CPU load as decreases considerably in all aspects of audio editing. I can now load an insane amount of plugins (many instances of each). “Freeze” a track is now just a sound design exercise, if I want to edit the audio file with included effects. And latency is extremely low. What is incredible for real time jamming and recording.

Also, video editing is very smooth and can be done by real time just like working in your DAW. Impressive! And after doing a few live streams with one machine, compared to a two machine setup I used to use before, I just can’t do without the Mac Studio. The old setup included running OBS on two machines simultaneously, one with Ableton Live, one for diffusion and a CPU load of 30 to 40 percent on each. Now I’m barely above 6% with one machine.

And what about the fan noise? An update:

It still seems to be a hot topic among influencers and certain web communities. I have haven’t heard the noise yet. Now there are even custom-made rack enclosures for the Mac Studio that hermetically shield and prevent noise from coming out. Maybe I listen to music loud enough in my studio that the noise just doesn’t bother me.

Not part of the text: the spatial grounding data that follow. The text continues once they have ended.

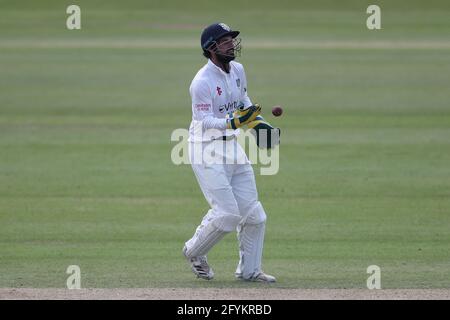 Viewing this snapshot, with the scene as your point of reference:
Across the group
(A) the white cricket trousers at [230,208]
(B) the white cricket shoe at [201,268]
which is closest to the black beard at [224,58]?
(A) the white cricket trousers at [230,208]

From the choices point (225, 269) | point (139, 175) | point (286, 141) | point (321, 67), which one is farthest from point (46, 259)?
point (321, 67)

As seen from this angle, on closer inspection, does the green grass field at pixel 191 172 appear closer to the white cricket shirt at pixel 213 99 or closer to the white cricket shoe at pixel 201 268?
the white cricket shoe at pixel 201 268

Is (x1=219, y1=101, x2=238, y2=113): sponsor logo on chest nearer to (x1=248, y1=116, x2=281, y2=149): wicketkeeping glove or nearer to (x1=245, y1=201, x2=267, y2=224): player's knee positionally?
(x1=248, y1=116, x2=281, y2=149): wicketkeeping glove

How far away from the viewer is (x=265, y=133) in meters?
10.6

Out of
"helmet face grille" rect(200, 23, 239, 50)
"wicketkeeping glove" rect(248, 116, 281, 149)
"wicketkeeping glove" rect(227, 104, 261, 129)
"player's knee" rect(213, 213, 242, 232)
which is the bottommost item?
"player's knee" rect(213, 213, 242, 232)

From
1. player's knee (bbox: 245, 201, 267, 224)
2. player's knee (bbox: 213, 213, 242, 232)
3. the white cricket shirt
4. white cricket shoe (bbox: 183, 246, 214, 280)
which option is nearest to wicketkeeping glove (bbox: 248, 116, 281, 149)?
the white cricket shirt

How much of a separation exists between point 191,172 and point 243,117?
9.49 m

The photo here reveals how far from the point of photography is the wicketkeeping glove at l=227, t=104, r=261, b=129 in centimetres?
1012

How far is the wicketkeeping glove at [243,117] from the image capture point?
10125 millimetres

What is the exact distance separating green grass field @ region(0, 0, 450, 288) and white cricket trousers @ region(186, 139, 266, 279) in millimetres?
351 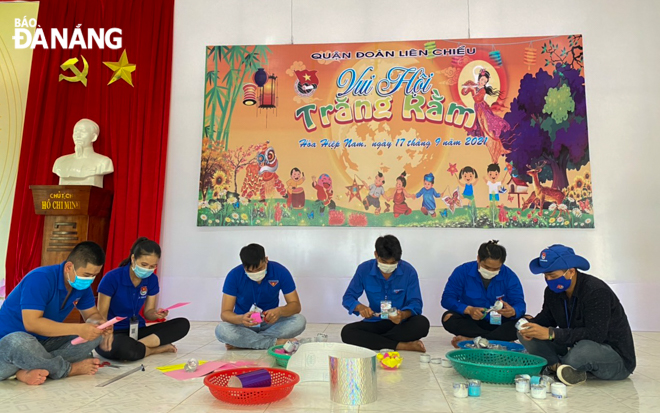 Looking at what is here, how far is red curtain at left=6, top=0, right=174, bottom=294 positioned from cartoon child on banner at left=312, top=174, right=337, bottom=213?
168 cm

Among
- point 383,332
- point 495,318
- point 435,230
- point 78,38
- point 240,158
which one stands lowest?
point 383,332

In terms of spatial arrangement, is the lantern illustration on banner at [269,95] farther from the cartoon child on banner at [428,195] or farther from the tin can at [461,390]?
the tin can at [461,390]

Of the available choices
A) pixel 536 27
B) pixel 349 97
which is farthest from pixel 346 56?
pixel 536 27

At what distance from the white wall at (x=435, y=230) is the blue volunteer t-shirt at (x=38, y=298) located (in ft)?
8.11

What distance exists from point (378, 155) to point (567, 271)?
2727mm

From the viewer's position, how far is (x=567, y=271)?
2.52 metres

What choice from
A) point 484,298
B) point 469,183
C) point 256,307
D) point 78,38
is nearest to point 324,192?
point 469,183

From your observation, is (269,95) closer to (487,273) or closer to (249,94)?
(249,94)

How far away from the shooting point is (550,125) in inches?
191

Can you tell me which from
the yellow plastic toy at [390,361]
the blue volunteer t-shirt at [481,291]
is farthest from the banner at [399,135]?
the yellow plastic toy at [390,361]

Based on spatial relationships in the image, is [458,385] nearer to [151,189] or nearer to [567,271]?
[567,271]

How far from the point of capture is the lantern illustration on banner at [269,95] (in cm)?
516

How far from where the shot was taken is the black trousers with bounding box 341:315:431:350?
3371 millimetres

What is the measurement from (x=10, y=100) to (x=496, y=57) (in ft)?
17.8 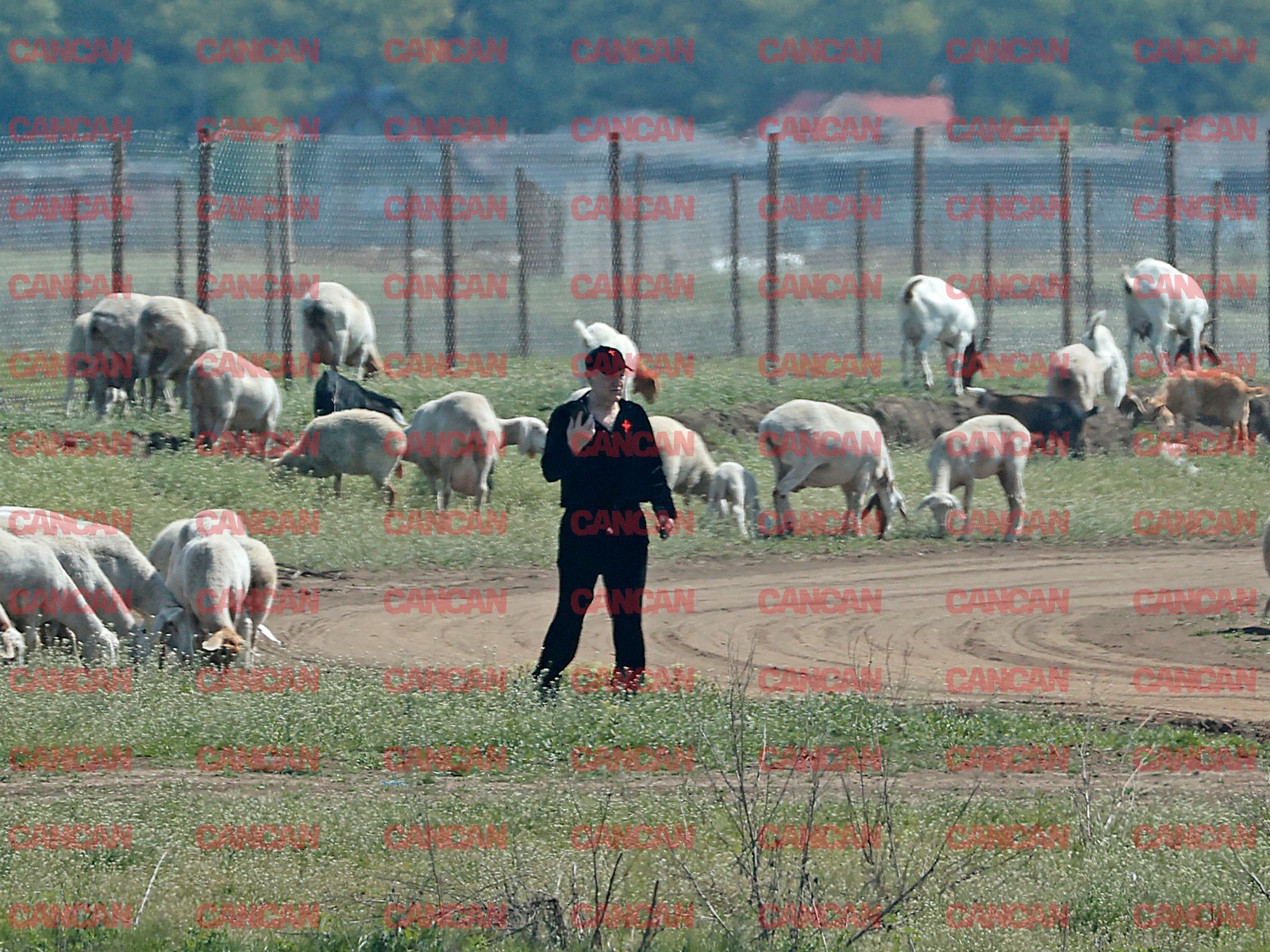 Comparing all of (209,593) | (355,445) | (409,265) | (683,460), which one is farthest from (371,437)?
(409,265)

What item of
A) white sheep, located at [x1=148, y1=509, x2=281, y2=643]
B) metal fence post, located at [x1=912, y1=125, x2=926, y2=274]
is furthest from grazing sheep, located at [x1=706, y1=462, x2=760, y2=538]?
metal fence post, located at [x1=912, y1=125, x2=926, y2=274]

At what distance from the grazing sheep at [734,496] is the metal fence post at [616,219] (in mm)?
4847

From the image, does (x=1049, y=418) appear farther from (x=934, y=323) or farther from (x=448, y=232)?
(x=448, y=232)

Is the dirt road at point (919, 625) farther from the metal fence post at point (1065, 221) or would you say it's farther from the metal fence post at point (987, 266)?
the metal fence post at point (987, 266)

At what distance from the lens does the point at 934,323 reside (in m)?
22.5

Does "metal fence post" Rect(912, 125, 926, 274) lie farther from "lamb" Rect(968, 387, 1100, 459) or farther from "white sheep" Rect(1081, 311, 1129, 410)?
"lamb" Rect(968, 387, 1100, 459)

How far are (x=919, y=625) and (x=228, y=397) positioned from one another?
8.15 metres

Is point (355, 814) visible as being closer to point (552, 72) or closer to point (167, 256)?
point (167, 256)

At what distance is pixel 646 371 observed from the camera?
20062mm

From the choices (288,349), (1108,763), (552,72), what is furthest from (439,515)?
(552,72)

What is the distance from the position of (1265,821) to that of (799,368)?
627 inches

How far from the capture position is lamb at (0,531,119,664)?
10.7 m

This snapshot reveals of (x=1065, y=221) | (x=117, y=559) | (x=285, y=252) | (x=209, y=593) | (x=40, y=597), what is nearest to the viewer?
(x=40, y=597)

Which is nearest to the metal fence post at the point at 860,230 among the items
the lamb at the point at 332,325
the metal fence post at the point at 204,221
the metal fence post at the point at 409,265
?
the metal fence post at the point at 409,265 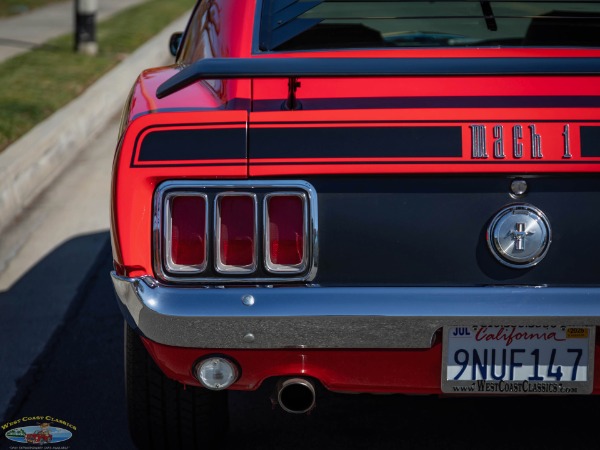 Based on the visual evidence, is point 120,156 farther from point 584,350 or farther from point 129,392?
point 584,350

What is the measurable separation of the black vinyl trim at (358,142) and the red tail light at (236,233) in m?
0.15

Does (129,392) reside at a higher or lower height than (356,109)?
lower

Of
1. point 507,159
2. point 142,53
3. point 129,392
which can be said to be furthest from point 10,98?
point 507,159

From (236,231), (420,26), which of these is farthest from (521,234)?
(420,26)

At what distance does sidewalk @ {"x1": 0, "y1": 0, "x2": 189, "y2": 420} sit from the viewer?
5.15 meters

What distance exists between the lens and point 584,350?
10.4 ft

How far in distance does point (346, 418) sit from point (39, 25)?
12.9m

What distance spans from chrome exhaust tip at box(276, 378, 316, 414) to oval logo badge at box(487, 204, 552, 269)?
670mm

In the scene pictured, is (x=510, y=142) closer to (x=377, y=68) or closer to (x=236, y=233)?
(x=377, y=68)

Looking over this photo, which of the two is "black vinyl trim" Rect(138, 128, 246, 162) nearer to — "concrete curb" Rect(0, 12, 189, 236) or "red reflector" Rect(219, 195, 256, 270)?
"red reflector" Rect(219, 195, 256, 270)

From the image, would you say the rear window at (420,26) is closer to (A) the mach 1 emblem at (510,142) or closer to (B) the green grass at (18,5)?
(A) the mach 1 emblem at (510,142)

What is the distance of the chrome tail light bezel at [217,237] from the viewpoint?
3.16 m

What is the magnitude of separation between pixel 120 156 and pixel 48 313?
2.34m

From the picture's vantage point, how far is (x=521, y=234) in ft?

Or my Mac Studio never reaches the performance levels to which the fans start humming. My trusted Thunderbolt 2 (non-SSD) hard drives are noticeably more audible so have been placed in a isolated firm.

Obtained questions or problems? Worried about the to change? post your feedback in the comments and I will try to answer everything.

Price and availability

You can get the initial setup of Apple Mac Studio from the Apple Store for $1,999. The configuration I purchased (M1 Max, 64GB RAM, 1TB SSD) costs $3,452 without cables, a screen, a keyboard and a trackpad. A power cable is included.